As the passage of health care reform becomes more and more likely, the Republican hissy fits have become more and more vehement and more dishonest. First the Republicans were throwing public tantrums about the use of reconciliation, despite the fact that reconciliation had been used multiple times by Republicans (ones currently servng in the Senate). Their latest hissy fit is about the “deem and pass” or self-executing rule the so-called “Slaughter House rule” in which the House would deem the Senate bill passed along with the reconciliation sidecar.

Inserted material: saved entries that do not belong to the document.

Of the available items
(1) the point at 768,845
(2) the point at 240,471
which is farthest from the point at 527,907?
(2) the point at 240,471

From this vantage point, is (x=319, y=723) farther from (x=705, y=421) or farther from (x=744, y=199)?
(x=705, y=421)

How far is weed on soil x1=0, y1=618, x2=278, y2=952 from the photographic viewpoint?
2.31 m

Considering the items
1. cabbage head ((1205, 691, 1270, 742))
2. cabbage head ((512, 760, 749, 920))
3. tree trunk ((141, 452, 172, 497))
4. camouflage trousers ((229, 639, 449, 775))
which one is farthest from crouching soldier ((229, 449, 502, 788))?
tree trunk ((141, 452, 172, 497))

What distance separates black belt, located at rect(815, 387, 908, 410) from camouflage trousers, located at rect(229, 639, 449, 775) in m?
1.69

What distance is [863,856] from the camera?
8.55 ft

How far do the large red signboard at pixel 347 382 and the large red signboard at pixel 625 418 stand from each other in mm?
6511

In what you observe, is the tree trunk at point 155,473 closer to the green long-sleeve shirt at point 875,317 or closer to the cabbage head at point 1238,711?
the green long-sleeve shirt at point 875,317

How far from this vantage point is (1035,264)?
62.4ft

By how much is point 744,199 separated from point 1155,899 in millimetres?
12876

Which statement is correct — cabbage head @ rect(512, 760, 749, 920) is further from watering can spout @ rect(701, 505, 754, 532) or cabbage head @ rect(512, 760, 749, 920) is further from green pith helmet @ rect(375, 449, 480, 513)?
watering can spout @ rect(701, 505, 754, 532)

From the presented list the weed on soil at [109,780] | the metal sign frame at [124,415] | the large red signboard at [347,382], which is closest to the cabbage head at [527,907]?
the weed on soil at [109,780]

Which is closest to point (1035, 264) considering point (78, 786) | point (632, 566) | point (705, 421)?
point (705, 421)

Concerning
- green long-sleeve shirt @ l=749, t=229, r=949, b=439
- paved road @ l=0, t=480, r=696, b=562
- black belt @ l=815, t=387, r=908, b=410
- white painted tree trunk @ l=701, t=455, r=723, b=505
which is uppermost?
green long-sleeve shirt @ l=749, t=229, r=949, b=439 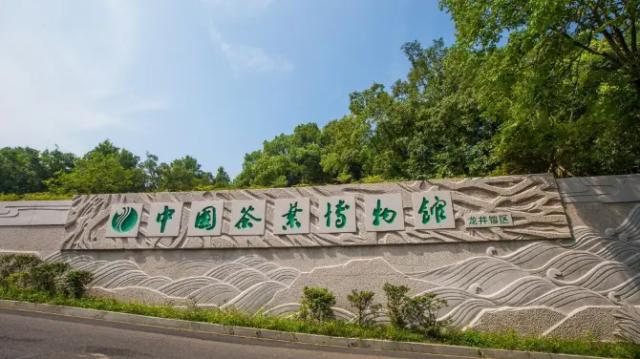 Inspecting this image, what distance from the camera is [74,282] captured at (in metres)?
7.36

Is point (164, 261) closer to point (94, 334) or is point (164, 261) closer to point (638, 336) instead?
point (94, 334)

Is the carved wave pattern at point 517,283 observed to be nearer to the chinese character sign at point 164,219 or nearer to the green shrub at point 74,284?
the chinese character sign at point 164,219

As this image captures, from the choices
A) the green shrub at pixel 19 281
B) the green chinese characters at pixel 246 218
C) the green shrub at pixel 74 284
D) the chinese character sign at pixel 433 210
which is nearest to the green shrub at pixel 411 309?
Result: the chinese character sign at pixel 433 210

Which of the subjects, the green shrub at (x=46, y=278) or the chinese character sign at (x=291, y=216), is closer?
the chinese character sign at (x=291, y=216)

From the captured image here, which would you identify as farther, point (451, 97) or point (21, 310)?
point (451, 97)

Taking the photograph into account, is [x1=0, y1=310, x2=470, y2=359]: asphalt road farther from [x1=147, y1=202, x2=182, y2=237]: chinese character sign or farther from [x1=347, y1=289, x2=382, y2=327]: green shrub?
[x1=147, y1=202, x2=182, y2=237]: chinese character sign

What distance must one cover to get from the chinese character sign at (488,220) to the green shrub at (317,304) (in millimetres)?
3526

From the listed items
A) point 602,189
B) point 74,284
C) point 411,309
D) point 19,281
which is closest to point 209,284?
point 74,284

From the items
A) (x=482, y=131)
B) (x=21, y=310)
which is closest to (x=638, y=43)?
(x=482, y=131)

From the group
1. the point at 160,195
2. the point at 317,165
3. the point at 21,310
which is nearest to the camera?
the point at 21,310

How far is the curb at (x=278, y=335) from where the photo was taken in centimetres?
517

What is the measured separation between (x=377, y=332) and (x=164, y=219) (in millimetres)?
6019

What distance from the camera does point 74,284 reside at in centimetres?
736

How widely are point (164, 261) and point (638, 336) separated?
404 inches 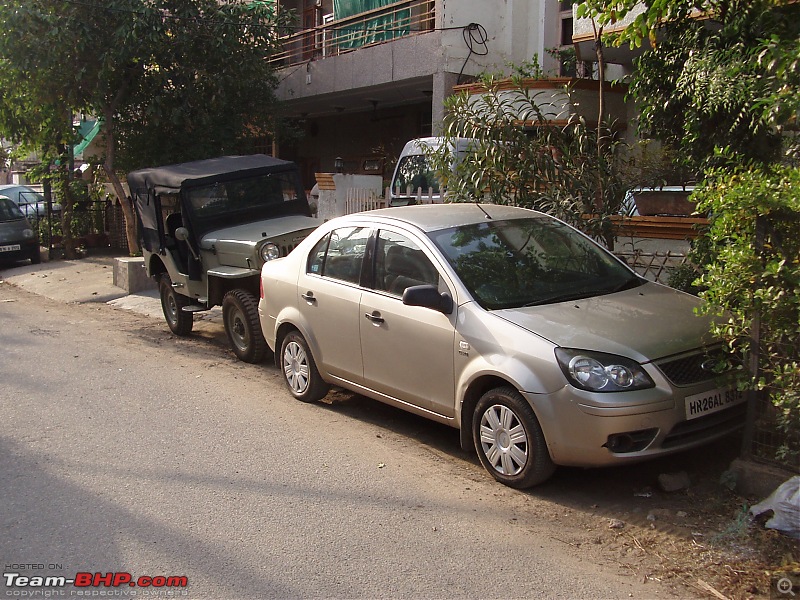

Some Republicans like Mike Pence and Michele Bachmann have been screaming that this is unConstitutional and that they will challenge the law in court if it is passed in this fashion. Now I might have some sympathy for the argument about using an odd procedure – I don’t understand why they just don’t pass both bills, voting on one just seems silly. However, this procedural move is nothing new and was used multiple times when Republicans controlled Congress and has been used multiple times in the current Congress without a peep of protest. I’ll let Norm Ornstein of the conservative American Enterprise Institute explain (shrilly):
Any veteran observer of Congress is used to the rampant hypocrisy over the use of parliamentary procedures that shifts totally from one side to the other as a majority moves to minority status, and vice versa. But I can’t recall a level of feigned indignation nearly as great as what we are seeing now from congressional Republicans and their acolytes at the Wall Street Journal, and on blogs, talk radio, and cable news. It reached a ridiculous level of misinformation and disinformation over the use of reconciliation, and now threatens to top that level over the projected use of a self-executing rule by House Speaker Nancy Pelosi. In the last Congress that Republicans controlled, from 2005 to 2006, Rules Committee Chairman David Dreier used the self-executing rule more than 35 times, and was no stranger to the concept of “deem and pass.” That strategy, then decried by the House Democrats who are now using it, and now being called unconstitutional by WSJ editorialists, was defended by House Republicans in court (and upheld). Dreier used it for a $40 billion deficit reduction package so that his fellow GOPers could avoid an embarrassing vote on immigration. I don’t like self-executing rules by either party—I prefer the “regular order”—so I am not going to say this is a great idea by the Democrats. But even so—is there no shame anymore?
No Norm, there is no shame anymore and the Republican noise machine has made this a front page story in the mainstream media.